WORK ITEM
When copying the data below, keep only the lines from the one with "Atlas Antibodies Anti-PLXDC2 Antibody" through the one with "Transcription and Translation", word for word, and skip the pictures.

PROVIDED DATA
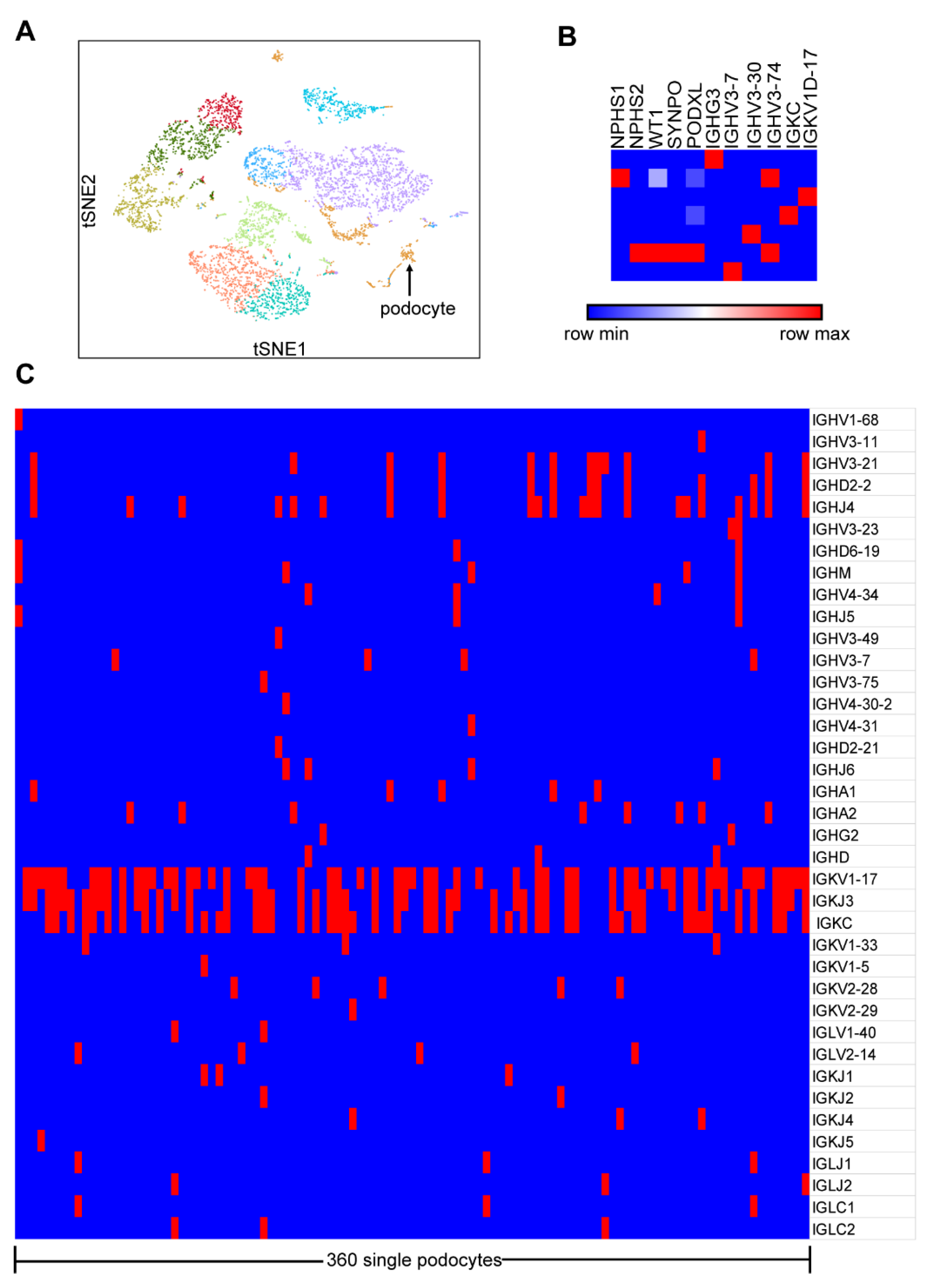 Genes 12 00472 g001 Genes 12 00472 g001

...

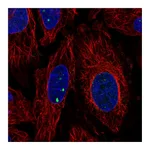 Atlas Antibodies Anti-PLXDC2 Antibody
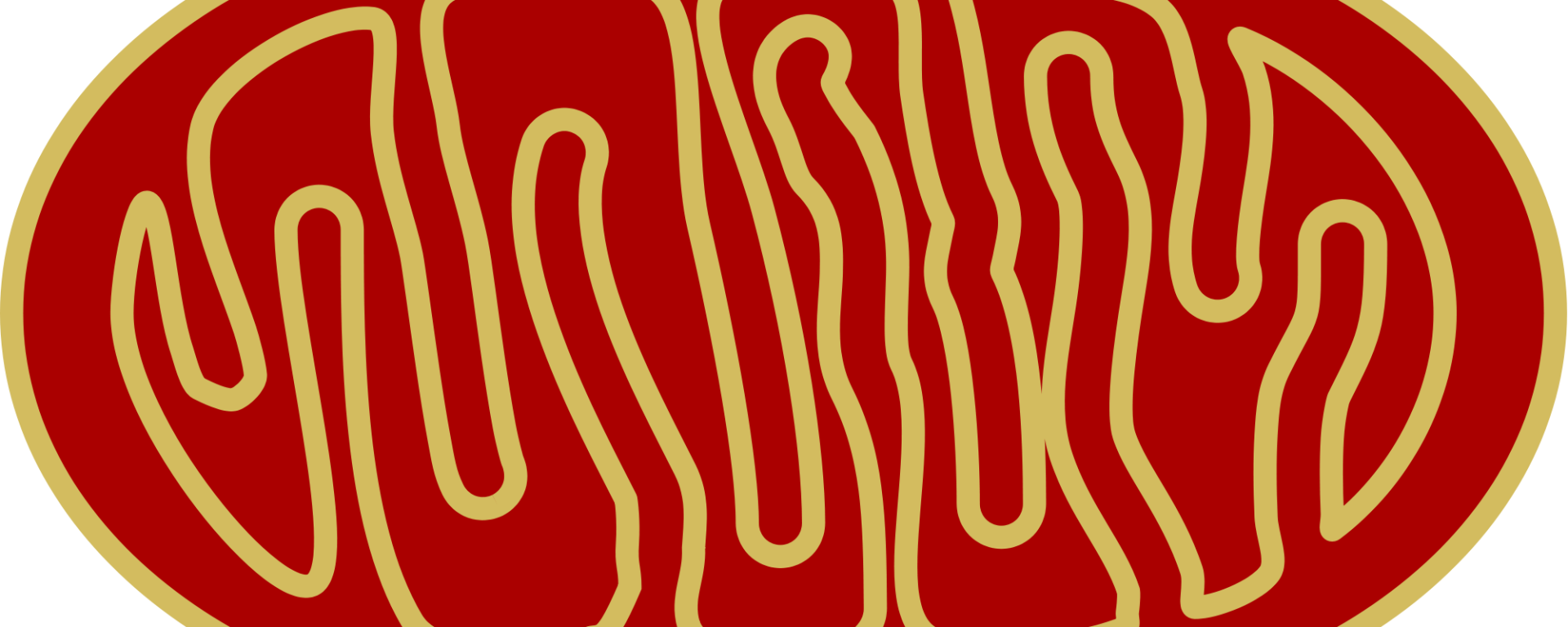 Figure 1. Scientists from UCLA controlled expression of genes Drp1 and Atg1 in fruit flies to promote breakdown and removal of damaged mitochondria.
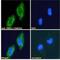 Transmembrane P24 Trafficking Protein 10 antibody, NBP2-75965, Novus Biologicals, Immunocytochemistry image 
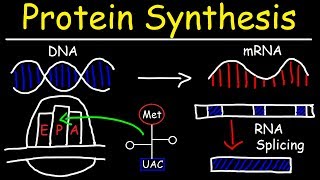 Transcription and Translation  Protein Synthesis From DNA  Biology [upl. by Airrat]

* * *

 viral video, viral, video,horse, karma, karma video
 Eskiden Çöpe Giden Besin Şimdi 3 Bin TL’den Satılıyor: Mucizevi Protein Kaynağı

YOUR SOLUTION
 Atlas Antibodies Anti-PLXDC2 Antibody
 Figure 1. Scientists from UCLA controlled expression of genes Drp1 and Atg1 in fruit flies to promote breakdown and removal of damaged mitochondria.
 Transmembrane P24 Trafficking Protein 10 antibody, NBP2-75965, Novus Biologicals, Immunocytochemistry image 
 Transcription and Translation  Protein Synthesis From DNA  Biology [upl. by Airrat]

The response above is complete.